Exercise material:

*** Block opens ***

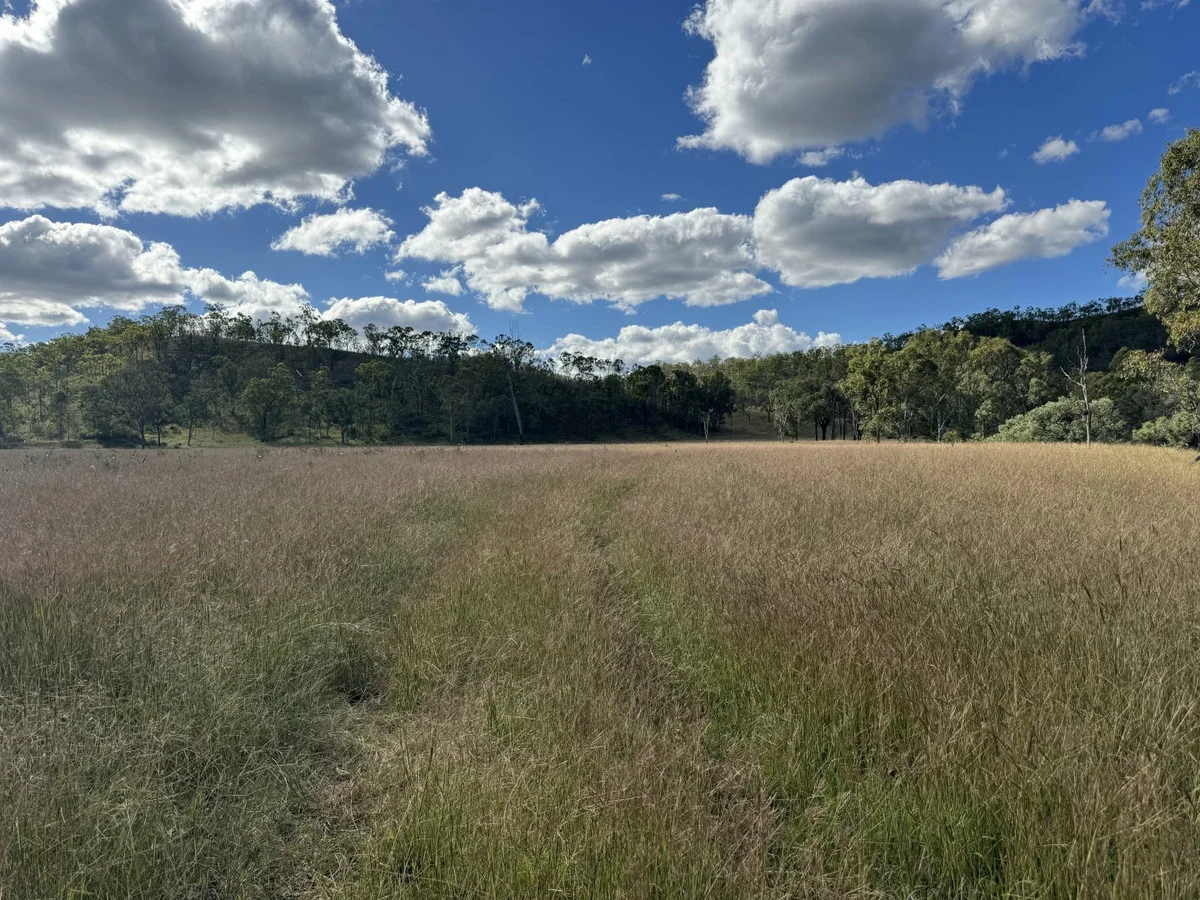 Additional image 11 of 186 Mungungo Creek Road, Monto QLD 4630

*** Block closes ***
*** Block opens ***

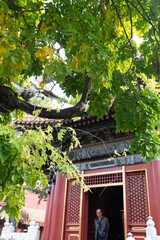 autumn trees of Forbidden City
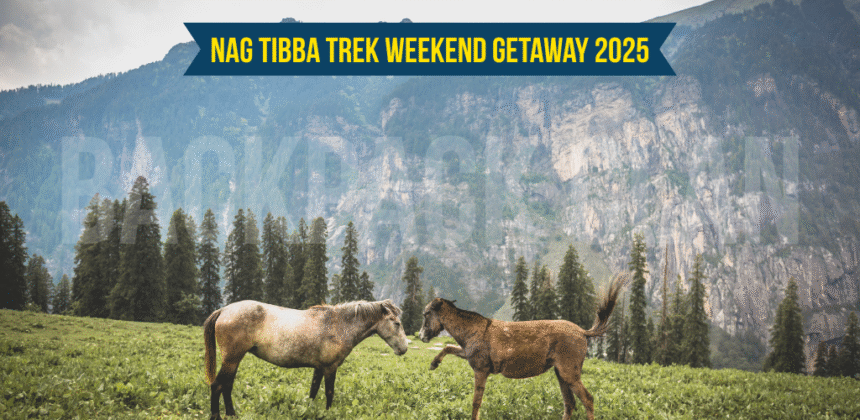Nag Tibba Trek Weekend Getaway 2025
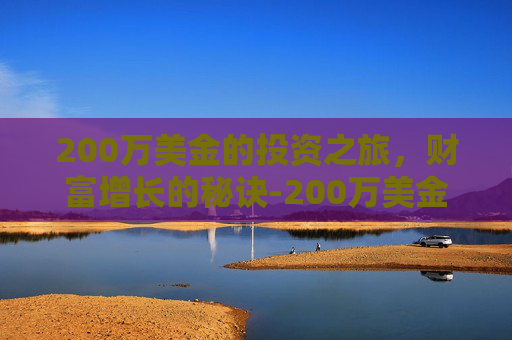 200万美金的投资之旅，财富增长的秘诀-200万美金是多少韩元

*** Block closes ***

Problem details: For the material above, give again only the lines starting at the line that contains "Nag Tibba Trek Weekend Getaway 2025" and ending at the line that contains "200万美金的投资之旅，财富增长的秘诀-200万美金是多少韩元". Pictures do not belong in the copy.

Answer to this exercise:
Nag Tibba Trek Weekend Getaway 2025
 200万美金的投资之旅，财富增长的秘诀-200万美金是多少韩元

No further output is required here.